In [2]:
import os
import re
import json
import pandas as pd
from tqdm import tqdm
import matplotlib.pyplot as plt
import matplotlib.dates as mdates


# Base path to the Factiva repository on the shared drive
base_folder = r"\\data2\CommercialData\Factiva_Repository"

# Step 1: Check if the base folder is accessible
if not os.path.exists(base_folder):
    print(f"Folder not accessible: {base_folder}")
    exit(1)  # Exit the script if the folder does not exist or access is denied
else:
    print(f"Access confirmed to: {base_folder}")

# Step 2: Initialize a list to store all extracted article records
all_records = []

# Step 3: Traverse all subdirectories and process each JSON file
for root, dirs, files in os.walk(base_folder):
    for filename in tqdm(files, desc=f"Processing JSON files in {root}"):
        if filename.endswith(".json"):  # Only process .json files
            file_path = os.path.join(root, filename)
            try:
                # Open and load the JSON file
                with open(file_path, "r", encoding="utf-8") as f:
                    data = json.load(f)

                    # Ensure the data is a list (even if only one article is present)
                    if isinstance(data, dict):
                        data = [data]

                    # Extract relevant fields from each article
                    for item in data:
                        record = {
                            "id": item.get("an"),
                            "title": item.get("title"),
                            "snippet": item.get("snippet"),
                            "body": item.get("body"),
                            "source_name": item.get("source_name"),
                            "publication_date": item.get("publication_date"),
                            "language": item.get("language_code"),
                            "word_count": item.get("word_count"),
                            "region": item.get("region_of_origin"),
                            "industry_codes": item.get("industry_codes"),
                            "subject_codes": item.get("subject_codes"),
                        }
                        all_records.append(record)
            except json.JSONDecodeError as e:
                print(f"JSON decode error in file {file_path}: {e}")
            except Exception as e:
                print(f"Unexpected error in file {file_path}: {e}")

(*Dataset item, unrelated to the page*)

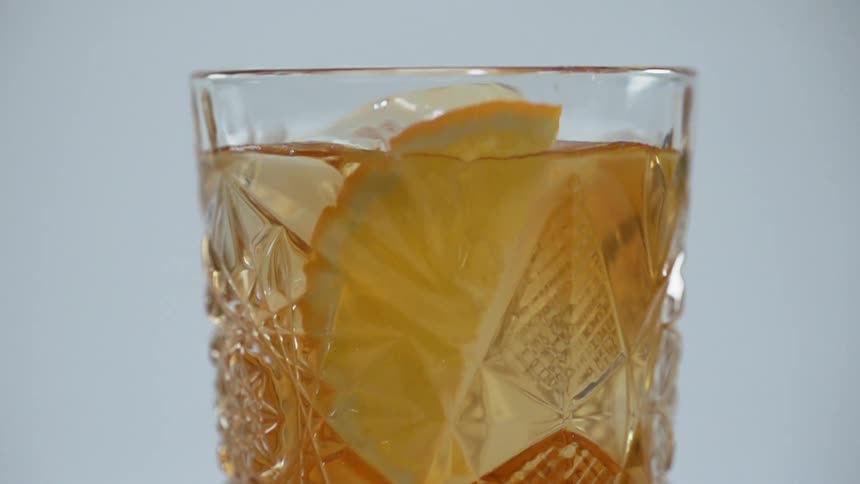 Orange slice falls into a glass of cocktail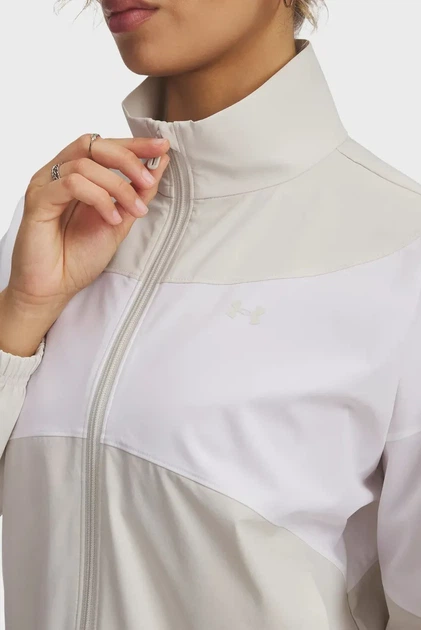 Жіноча біла вітровка UA Rival Woven Jacket Under Armour M 1389631-110 - Фото 2 Жіноча біла вітровка UA Rival Woven Jacket Under Armour M 1389631-110 - изображение 2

# Step 4: Convert the list of records into a pandas DataFrame
df = pd.DataFrame(all_records)

# Print a summary: column names and number of articles
print("Columns: ", df.columns.tolist())
print("Number of articles: ", len(df))

Access confirmed to: \\data2\CommercialData\Factiva_Repository


Processing JSON files in \\data2\CommercialData\Factiva_Repository: 0it [00:00, ?it/s]
Processing JSON files in \\data2\CommercialData\Factiva_Repository\2020: 100%|█████████| 25/25 [02:58<00:00,  7.16s/it]
Processing JSON files in \\data2\CommercialData\Factiva_Repository\2021: 100%|█████████| 25/25 [03:18<00:00,  7.93s/it]
Processing JSON files in \\data2\CommercialData\Factiva_Repository\2022: 100%|█████████| 25/25 [04:01<00:00,  9.65s/it]
Processing JSON files in \\data2\CommercialData\Factiva_Repository\2023: 100%|█████████| 25/25 [04:32<00:00, 10.91s/it]
Processing JSON files in \\data2\CommercialData\Factiva_Repository\2024: 100%|█████████| 33/33 [04:20<00:00,  7.89s/it]
Processing JSON files in \\data2\CommercialData\Factiva_Repository\2005: 100%|█████████| 25/25 [00:00<00:00, 34.70it/s]
Processing JSON files in \\data2\CommercialData\Factiva_Repository\2006: 100%|█████████| 25/25 [00:50<00:00,  2.01s/it]
Processing JSON files in \\data2\CommercialData\Factiva_Repository\2007: 

Columns:  ['id', 'title', 'snippet', 'body', 'source_name', 'publication_date', 'language', 'word_count', 'region', 'industry_codes', 'subject_codes']
Number of articles:  19795095


In [3]:
df.shape

(19795095, 11)

In [4]:
# Step 5: Display the distribution of articles by language (as percentages)
language_distribution = df['language'].value_counts(normalize=True)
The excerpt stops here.